# Art Improvement meme



## Taralack (Mar 5, 2010)

I want to see how others have progressed! 

My own improvement is really nothing spectacular.




get the template here


----------



## Dsurion (Mar 5, 2010)

I dont have anything before 2009 (i really started practicing more last year).
So i only have this one (summary of 2009)
http://www.furaffinity.net/view/3219153/


----------



## Catilda Lily (Mar 5, 2010)

I just recently started so I don't think I count for this.


----------



## Zydala (Mar 5, 2010)

oh I started making one of these! Maybe I should actually finish lol


----------



## FireFeathers (Mar 7, 2010)

Been working my ass off, this meme proved it. 

http://fc04.deviantart.net/fs70/f/2010/004/0/f/Improvement_Meme_by_FireFeathers.jpg


----------



## Taralack (Mar 7, 2010)

@FireFeathers - Wow your improvement is incredible.


----------



## HyenaIsSpider (Mar 8, 2010)

FireFeathers said:


> Been working my ass off, this meme proved it.
> 
> http://fc04.deviantart.net/fs70/f/2010/004/0/f/Improvement_Meme_by_FireFeathers.jpg




Wow... yea... that proves it. A LOT of progress in such a short time!





... as for myself I don't have any record of any drawings before December '06 (I doodled a lot before then, I just don't have any of it) so I never did this thing. Maybe I'll do it next year, hopefully I would have improved enough to make it look impressive. X3


----------



## SilverEyes (Mar 8, 2010)

_I started drawing seriously at the very end of 2002, but I've been drawing my entire life as far back as I can remember :3

All I can see far as improvement goes is that my digital art can still use some work and that my traditional work is much better hehe. And that I need to do more graphite stuff and less adult stuff :\ You can tell when I moved out of my parent's house because it's like BOOM porn.

2007-2009 is in my FA gallery, everything earlier was from my dA gallery, which I cleaned out some time ago.

It's censored, but still contains some racy stuff. Didn't censor anything that doesn't have bits showing.
NSFW - http://silvereyes.redglacier.net/grimsketches/improvement.jpg - NSFW_


----------



## ZareonianWolf (Mar 9, 2010)

I did one. xD Plenty of improvement, but I've still got a long way to go.

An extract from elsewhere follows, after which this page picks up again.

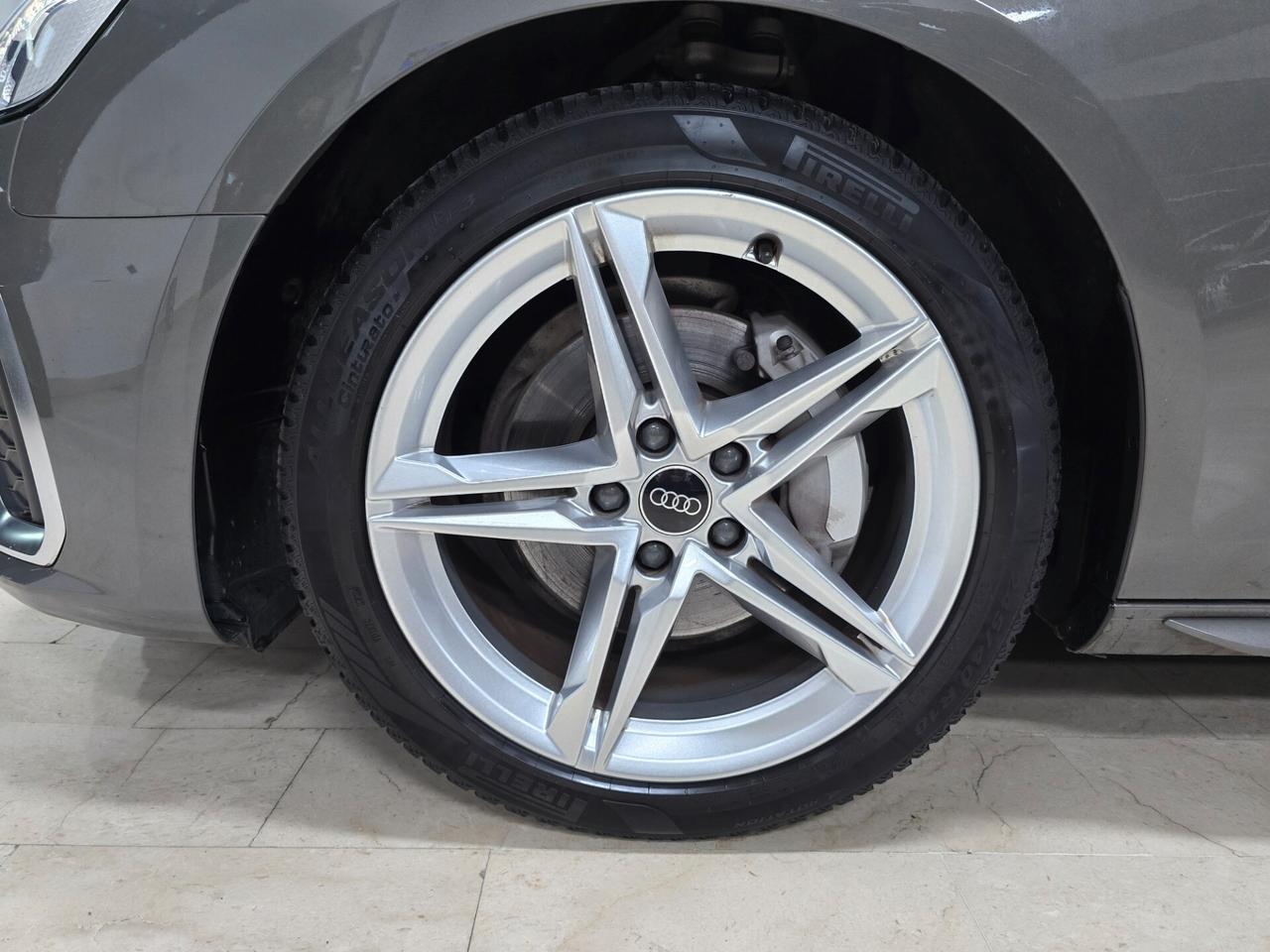 Audi A4 Avant 40 TDI quattro S tronic line edition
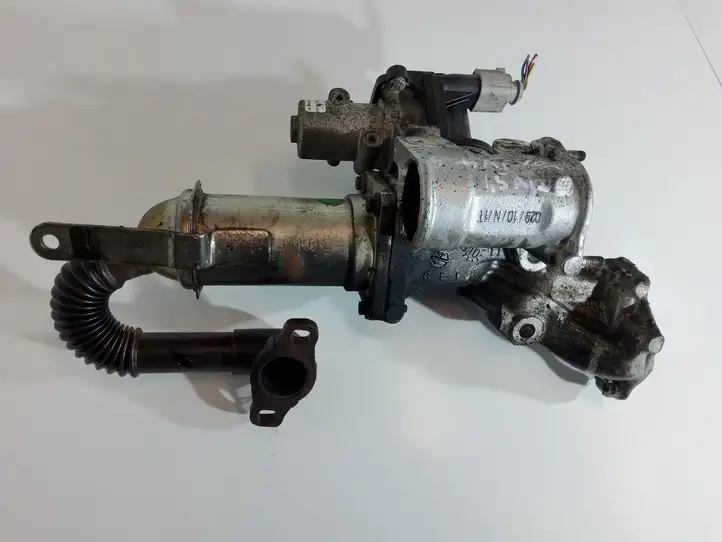 Nissan Qashqai (2006 - 2010) 7199033086 Охладитель клапана EGR — фото 1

http://fc04.deviantart.net/fs70/f/2010/007/2/d/2003_2009_Art_Improvement_Meme_by_zareonianwolf.jpg


----------



## TheStory (Mar 11, 2010)

I suppose I should share here as well. http://cookiedemon.deviantart.com/art/2003-2009-improvement-150622505


----------



## Fay V (Mar 20, 2010)

http://www.furaffinity.net/view/3587153

holy crap i improved...maybe i should take some art classes


----------